Mesmo somado o custo da viagem até São Paulo mais o pagamento dos “boys”, a cúpula do PCC avaliou que o lucro ainda assim é maior que usar meios tradicionais e sem risco de desvios por parte de intermediários ou “laranjas”. Fora a agilidade, já que usando o sistema financeiro o dinheiro demora até uma semana para entrar no caixa da facção. Nas regras estabelecidas pelos líderes, os “boys” só viajavam sozinhos e podiam transportar no máximo, por viagem, R$ 250 mil.

Esse limite foi estabelecido para evitar grande prejuízo em caso de apreensão policial. O Ministério Público de São Paulo apurou que, para dificultar a possível identificação, os acusados só se comunicavam usando apelidos com os nomes de países. Os líderes do esquema utilizavam iPhone de última geração e mantinham uma rede restrita. Apenas a liderança tinha acesso a contatos e mensagens. E somente um líder podia guiar e conversar com o “boy” em cada uma das viagens.

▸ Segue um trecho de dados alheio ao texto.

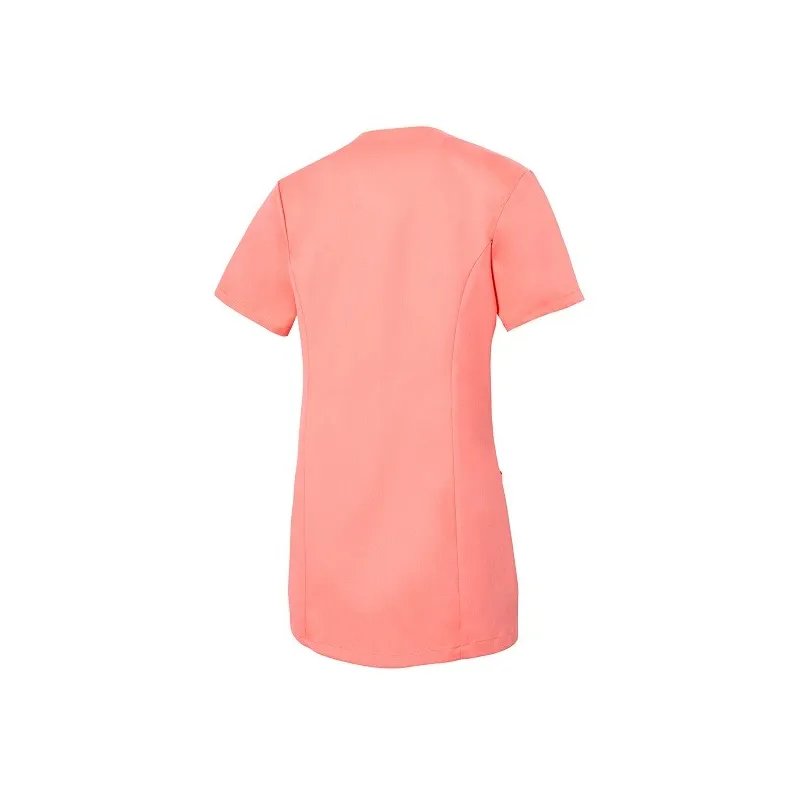 Tuniques femme ALBANE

Foi justamente a partir da prisão de “Alemanha”, codinome do contador preso em agosto de 2018, que se descobriu todo o esquema de lavagem de dinheiro desse braço financeiro do PCC. O envio de dinheiro direto do braço no Paraguai, da facção para a Baixada Santista, se mostrou eficaz para manter o fluxo de caixa constante do bando a fim de pagar logística e propina no envio da cocaína para o exterior.